---------- SUPPLIED MATERIAL ----------

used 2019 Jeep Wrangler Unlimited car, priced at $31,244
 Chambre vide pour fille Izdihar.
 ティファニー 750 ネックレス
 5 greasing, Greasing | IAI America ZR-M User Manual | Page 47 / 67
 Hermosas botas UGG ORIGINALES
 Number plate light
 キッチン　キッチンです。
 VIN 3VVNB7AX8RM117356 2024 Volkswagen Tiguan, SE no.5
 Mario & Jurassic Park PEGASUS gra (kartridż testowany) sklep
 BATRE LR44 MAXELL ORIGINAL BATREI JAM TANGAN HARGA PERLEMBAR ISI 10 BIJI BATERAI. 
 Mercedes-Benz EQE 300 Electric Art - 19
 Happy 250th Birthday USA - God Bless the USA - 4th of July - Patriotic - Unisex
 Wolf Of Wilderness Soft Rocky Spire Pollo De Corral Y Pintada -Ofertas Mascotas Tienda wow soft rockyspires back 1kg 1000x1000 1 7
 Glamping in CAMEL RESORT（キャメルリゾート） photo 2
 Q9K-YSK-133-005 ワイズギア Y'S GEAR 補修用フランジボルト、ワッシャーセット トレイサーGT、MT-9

----------

» **ASSIGNED TASK**
Would you transcribe exactly the lines from the one containing "Happy 250th Birthday" to the end of the material, and leave out the rest?

» **THE COMPLETED TASK**
 Happy 250th Birthday USA - God Bless the USA - 4th of July - Patriotic - Unisex
 Wolf Of Wilderness Soft Rocky Spire Pollo De Corral Y Pintada -Ofertas Mascotas Tienda wow soft rockyspires back 1kg 1000x1000 1 7
 Glamping in CAMEL RESORT（キャメルリゾート） photo 2
 Q9K-YSK-133-005 ワイズギア Y'S GEAR 補修用フランジボルト、ワッシャーセット トレイサーGT、MT-9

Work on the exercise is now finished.